Un peu plus bas : « C’est le peuple qui doit décider de son devenir car cette question reste fondamentale pour notre avenir, celui de nos enfants et de nos populations accueillies, victimes de l’histoire ».

A la page 6, un paragraphe intéressant concerne le contexte humain océanien : « Le monde KANAK et OCEANIEN ont une tradition d’accueil millénaire, tout le monde a sa place dans ce pays, mais à sa place, pas à la place des autres. En Océanie on s’assied et on discute, on n’impose pas ».

Puis la conclusion à la page 6 : « Militantes et militants, je vous laisse à de fructueux travaux, portez le message dans toutes les structures de la société, allez vers vos frères calédoniens, fiers de toutes les ethnies mélangées, ceux que l’on a reconnu comme peuple calédonien,(…) ».

Ces relevés du discours méritent plusieurs observations et commentaires, tout en laissant, évidemment, leur signification originale à celui qui les a prononcés.

La première observation concerne l’usage répété de la notion de peuple. Il est bien sûr question du « peuple kanak », mais à la page 3, il évoque le « peuple calédonien issu de l’Accord de Nouméa ». A la page 4, c’est cette fois les « peuples outremer » qui sont cités, et qui, selon le président de l’UC, aspirent à leur liberté et n’acceptent plus d’être sous sujétion d’un autre pays. En fin de discours, il évoque « toutes les ethnies mélangées, ceux que l’on a reconnu comme peuple calédonien ». La question, pour l’instant sans réponse précise, est celle de savoir comment est constitué ce peuple calédonien que le président de l’UC distingue du peuple kanak dans sa phrase « Quelle option l’état laisse-t-il au peuple KANAK, peuple de cette terre et au peuple Calédonien issu de l’accord de Nouméa (…) ».

Deux interprétations, au moins, sont possibles : le « peuple calédonien », formé « de toutes les ethnies mélangées« , est constitué par toutes celles et ceux qui vivent durablement en Nouvelle-Calédonie et qui ne se rattachent pas au « peuple kanak », ou bien ce « peuple calédonien » est restreint aux « victimes de l’histoire », terme créé lors de la table ronde de Nainvilles-les-Roches, à laquelle Daniel Goa fait allusion.

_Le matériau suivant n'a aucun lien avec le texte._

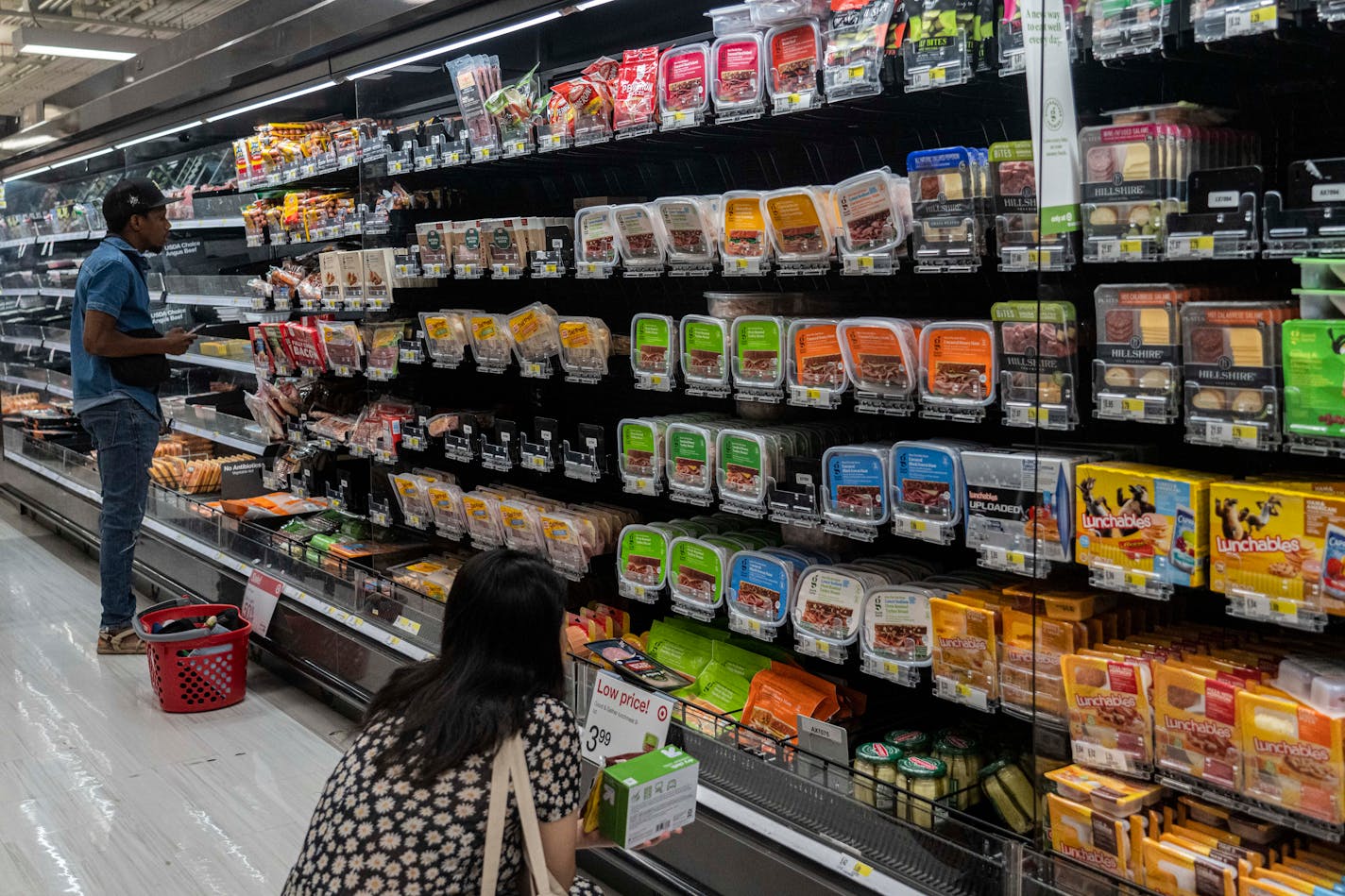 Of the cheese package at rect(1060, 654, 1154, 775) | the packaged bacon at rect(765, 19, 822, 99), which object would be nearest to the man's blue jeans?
the packaged bacon at rect(765, 19, 822, 99)

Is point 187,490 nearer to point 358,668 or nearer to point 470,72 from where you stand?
point 358,668

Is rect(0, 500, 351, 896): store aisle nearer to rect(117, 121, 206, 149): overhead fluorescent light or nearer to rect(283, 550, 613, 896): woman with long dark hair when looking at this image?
rect(283, 550, 613, 896): woman with long dark hair

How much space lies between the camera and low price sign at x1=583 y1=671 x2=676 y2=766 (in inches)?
111

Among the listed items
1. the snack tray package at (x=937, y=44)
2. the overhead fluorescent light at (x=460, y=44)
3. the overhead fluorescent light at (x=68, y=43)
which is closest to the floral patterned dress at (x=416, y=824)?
the snack tray package at (x=937, y=44)

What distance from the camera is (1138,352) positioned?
218cm

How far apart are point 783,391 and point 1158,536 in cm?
114

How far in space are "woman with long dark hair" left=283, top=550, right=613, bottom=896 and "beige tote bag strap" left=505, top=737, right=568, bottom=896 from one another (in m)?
0.03

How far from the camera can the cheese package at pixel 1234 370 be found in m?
1.99

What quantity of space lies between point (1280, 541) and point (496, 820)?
1401 millimetres

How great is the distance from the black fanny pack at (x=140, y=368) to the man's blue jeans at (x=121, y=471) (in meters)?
0.09

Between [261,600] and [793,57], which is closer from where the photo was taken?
[793,57]

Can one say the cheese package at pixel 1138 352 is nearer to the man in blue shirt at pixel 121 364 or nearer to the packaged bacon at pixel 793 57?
the packaged bacon at pixel 793 57

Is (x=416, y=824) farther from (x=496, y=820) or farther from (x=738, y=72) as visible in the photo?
(x=738, y=72)

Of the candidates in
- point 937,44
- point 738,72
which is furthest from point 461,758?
point 738,72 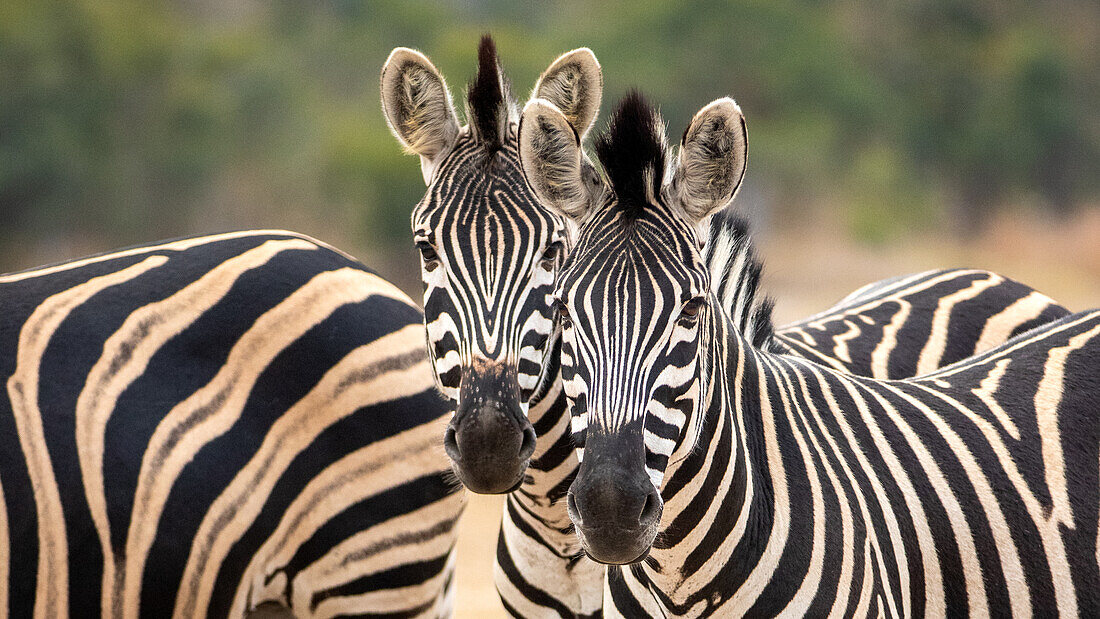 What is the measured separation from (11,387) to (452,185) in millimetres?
1541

La seconde observation est justement relative à la conclusion de la « table ronde » de Nainvilles-les-Roches en juillet 1983. Daniel Goa interprète la première partie de son discours comme « un appel au secours » en se fondant sur « l’accord » de Nainvilles-les-Roches. Or, il n’y a jamais eu d’accord à l’issue de cet épisode qui réunissait à Nainvilles-les-Roches, à l’initiative de Georges Lemoine, alors Secrétaire d’État à l’Outre-mer, le Front indépendantistes, la FNSC et le RPCR. Le RPCR (Victorin Boewa, André Caillard, Georges Faure, Jacques Lafleur, Jean Lèques, Auguste Parawi-Reybas, Dick Ukeiwé, Atélémo Taofifenua et Yves Tissandier) a quitté la réunion avant sa fin. Dans son livre « L’assiégé », Jacques Lafleur en personne rapporte à ce sujet : « après quelques heures de discussion, nous avons eu la certitude qu’il s’agissait bien d’un guet-apens. J’ai dit à Georges Lemoine que nous ne signerions aucun document et que nous allions quitter la réunion le jour même ». Finalement, sur l’insistance du Secrétaire d’État, le RPCR est resté quelques jours sans participer aux discussions, puis est parti sans signer quoi que ce soit. « L’accord » de Nainvilles-les-Roches n’existe donc pas. Il s’agit d’une « déclaration finale », laquelle a été contestée par le RPCR qui obtint, par la suite, la majorité des suffrages aux premières élections provinciales.

Ainsi, le fondement et le sens de « l’appel au secours » lancé, selon Daniel Goa, aux « Calédoniens » suscite plusieurs interrogations. Pour l’heure, la démarche indépendantiste consiste en une demande d’accession à l’indépendance au peuple kanak, sans passer par la case « consultation des populations intéressées ». En quoi, le « secours » de celles et ceux qui seraient … exclus d’un choix qui les concerne pourrait-il consister ? Le sujet, à tout le moins, pose question.